Science FictionThe 1800 Club by Robert P. McAuley

When he needs to visit a simpler time, ex-Navy SEAL Bill Scott goes to the 1800 Club in New York City. When he enters the door there for dinner he leaves the 21st century behind. Everyone who attends dresses and talks as if they are living in the 1860’s. People who join the club have to keep to “club speak” or they are asked to leave. Bill loves it and visits often.

One night President Stevens asks Bill to stay after the other guests leave. Bill learns the secret of the 1800 Club. In the mid 21st century a time travel machine has been built. The members of the time tracking group send robotic monitors into the past and keep an eye on it. Occasionally they see something is going off track from their known history. They then contact the club in 2011. Due to changes in the air quality, they would die in the 1800’s. But the people from the early 21st century can endure. Then President Stevens corrects the incident either by himself or by a very few hand picked members. This time he needs Bill’s help.

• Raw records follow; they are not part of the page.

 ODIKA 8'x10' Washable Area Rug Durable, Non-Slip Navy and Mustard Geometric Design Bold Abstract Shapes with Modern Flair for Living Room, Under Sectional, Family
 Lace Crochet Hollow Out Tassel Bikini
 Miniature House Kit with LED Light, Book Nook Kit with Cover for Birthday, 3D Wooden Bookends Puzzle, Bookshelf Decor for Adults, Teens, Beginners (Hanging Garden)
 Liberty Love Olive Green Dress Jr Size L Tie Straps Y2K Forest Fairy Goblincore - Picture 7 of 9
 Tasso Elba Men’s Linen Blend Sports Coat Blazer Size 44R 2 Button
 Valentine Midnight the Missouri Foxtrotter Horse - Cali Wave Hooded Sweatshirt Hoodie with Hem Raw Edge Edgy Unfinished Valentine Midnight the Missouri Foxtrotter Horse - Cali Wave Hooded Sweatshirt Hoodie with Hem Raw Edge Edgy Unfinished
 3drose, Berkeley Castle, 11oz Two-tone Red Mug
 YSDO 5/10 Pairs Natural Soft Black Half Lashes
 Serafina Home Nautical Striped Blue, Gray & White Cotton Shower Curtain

Once he accepts the idea of time travel Bill is glad – actually excited – to help. He prepares to return to the 1860’s and repair some history that is trying to go wrong. That would then change the outcome of future battles of the Civil War, which would then change history even further as time goes on. After he returns he is in for another surprise. Prescott Stevens is ready to retire back to his own time. How would Bill like to be the new president of the 1800 Club? How would Bill like to be in charge of nudging history back into line when it starts to skew?

Bill Scott starts a whole new era of his life. It’s one where he can live in 2011 or 1863 or 1945 or… He studies the members of the 1800 Club who would be good emissaries to travel back. All of these members are people who prefer the quieter, slower times despite the problems those time periods had. They all learn that no matter what the time period, people are the same. They have the same types of hopes and dreams for themselves and to better their children. They discuss the weather or current events or women or men just the same as people do now. Bill and his emmisaries learns that the 1860’s isn’t full of black and white grainy people like the photographs, but real flesh and blood people in bright colors.

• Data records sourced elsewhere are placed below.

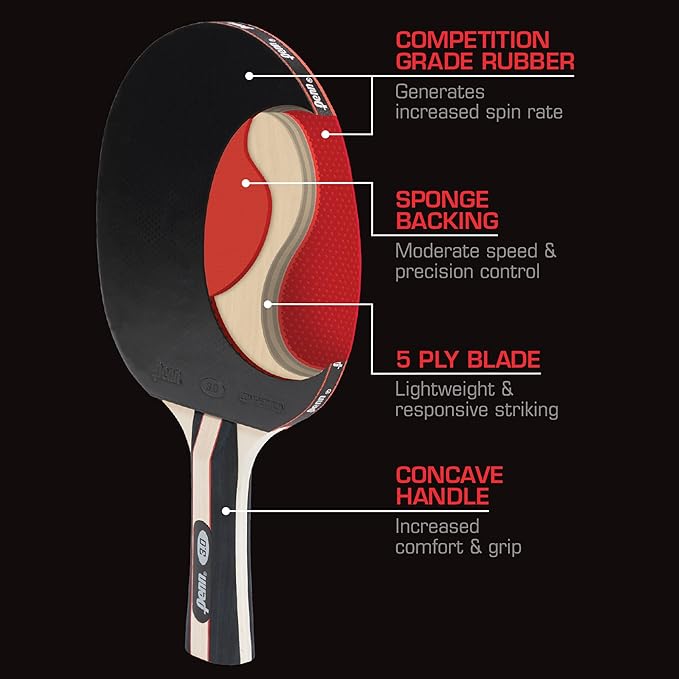 Penn 3.0 Competition Ping Pong Paddles - Choose Single Table Tennis Paddle, or Deluxe 2 or 4 Player Kit with Balls and Storage Case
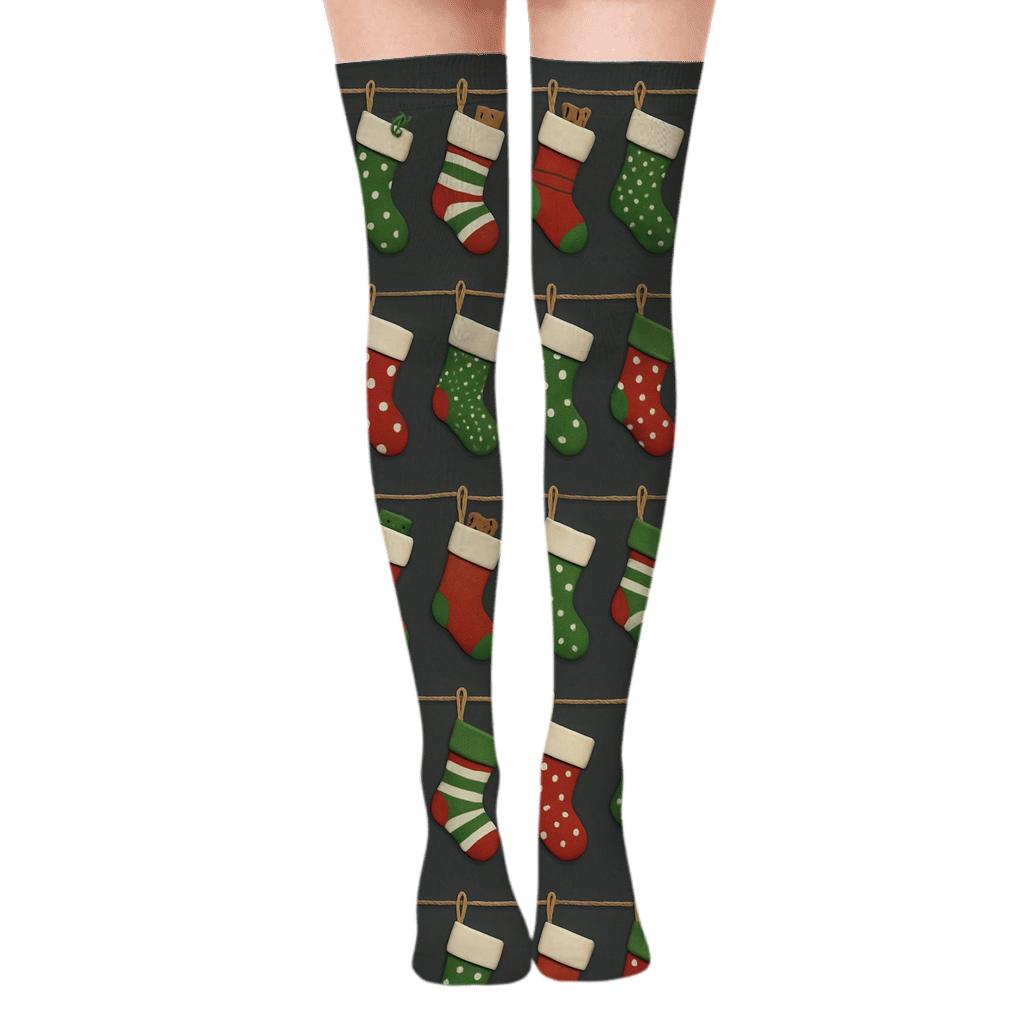 Holiday Stocking Row Pattern Xmas Style premium cozy over-the-knee socks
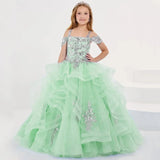 Vestidos de princesa sin mangas para bodas, fiestas de cumpleaños, banquetes, vestidos de niña de las flores, tul azul cielo, apliques florales plateados escalonados 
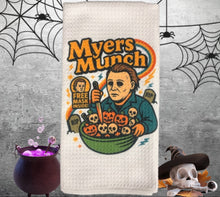 Load image into Gallery viewer, Myers Munch Halloween Cereal Killer Kitchen Towel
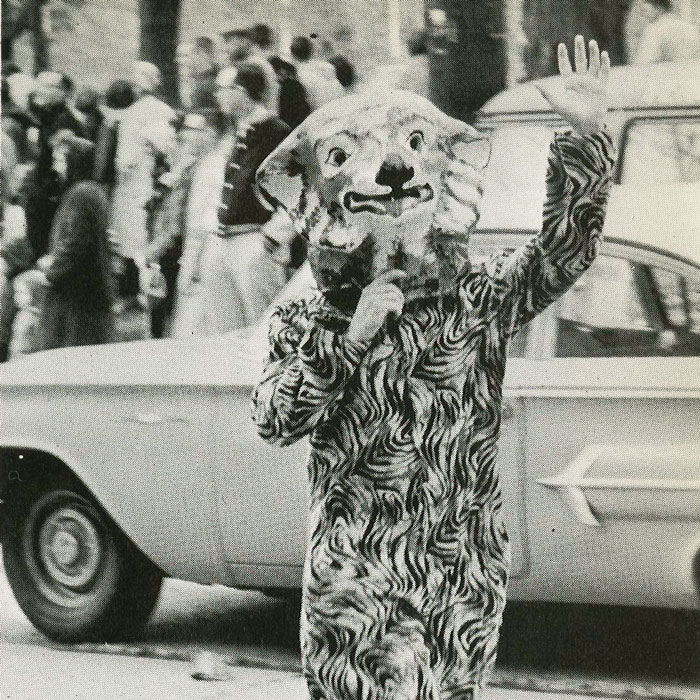 The first appearance of the Tiger Mascot at the Homecoming Parade in 1963.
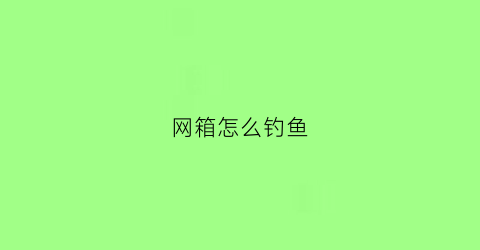 网箱怎么钓鱼(网箱怎么钓鱼视频)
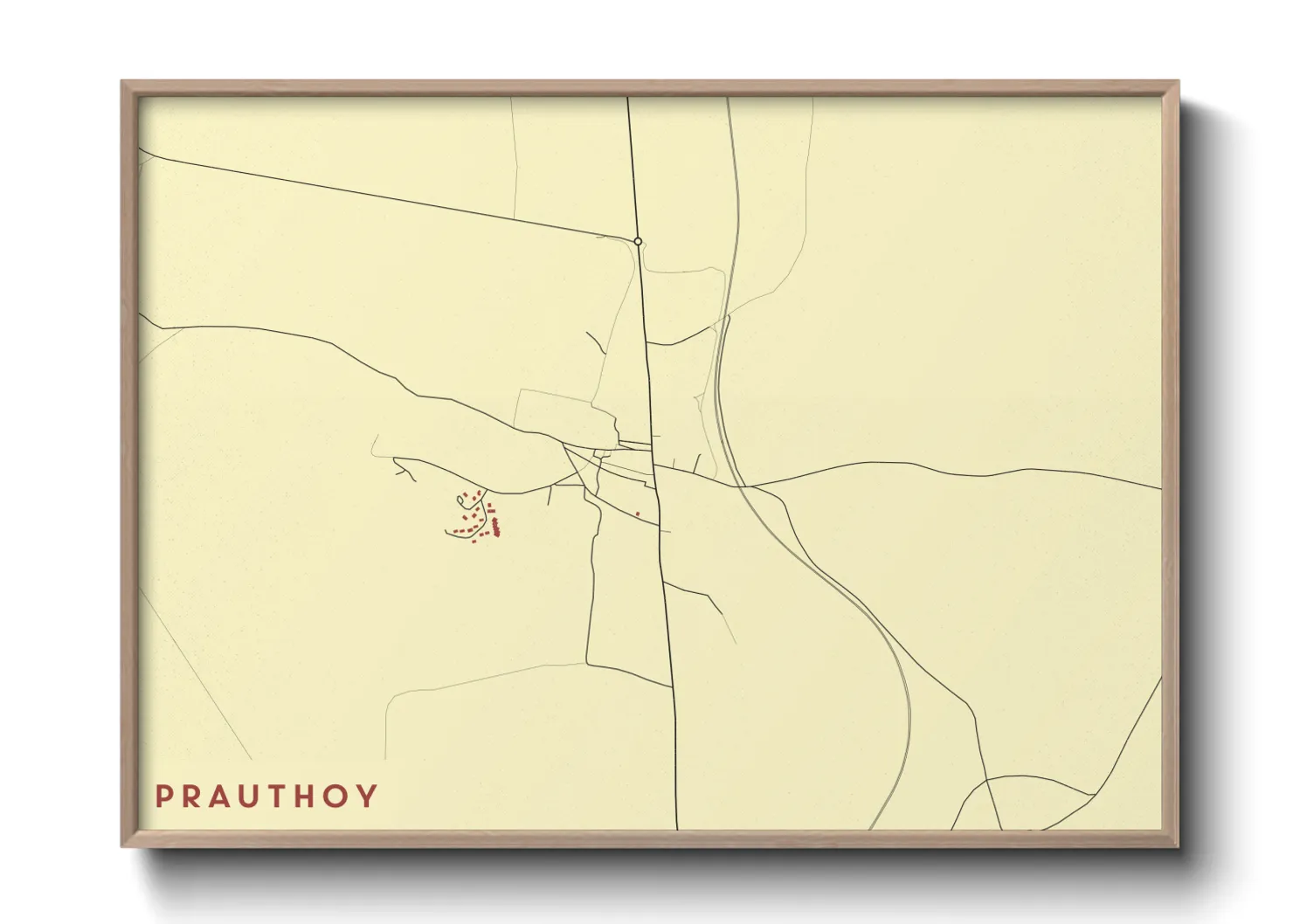 Une affiche de carte sur Prauthoy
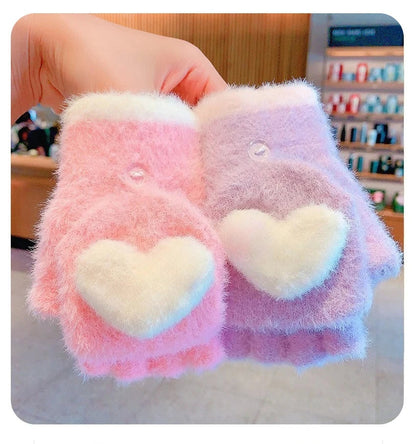 Winter Plush Knitted Cartoon Rabbit Flexible Flip-top Gloves Thicken Warm Cute Gloves For Baby Girls Half Finger Children Gloves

What a wonderful book! For the first half I kept expecting some dastardly shadowy being to be causing the small changes in history that could have large ramifications. But I finally realized that this book is a group of short stories. Each concentrates on a different incident. There’s one where an English Navy press gang takes a man from his Scots home and a future president is never born because the man never has children. There is one where a boat explosion kills a future great man. There is one where a person who had disappeared appears right on time after all. Each of the initial incidents started small but had large ramifications.

Robert P. McAuley has written a charming, fun book. He keeps it very realistic when the time travelers go back. Not only is the reader reminded of the ever present horse manure, especially in the city, and the stench, but the flies, cats, and rats that go along with it. There is still pollution, but it’s different. McAuley did his research on the time periods he “rescues” in the book.

I had a wonderful time reading The 1800 Club. I enjoyed getting back to it. I like time travel stories, as I’ve often said. McAuley doesn’t add any new twists to the genre. Even so, he writes a tale about people. It doesn’t matter when they live or what they do.

The paradox factor is even addressed. One person finally has the sense to ask Bill that did history go back the way it was supposed to after his group intervened, or had they changed it and it’s the changes that now are in effect?

The book is fairly simple, an easy read. There’s no sex, graphic violence, or gore. The characters don’t get real deep, but don’t need to for this book. It’s good entertainment. My only real complaint is the physical size. The paper is quite substantial and the book is trade size. It gets hard to hold after a while. At times that was the reason I quit reading for the evening. Don’t let that deter you, though. The 1800 Club is a fun time just waiting for you.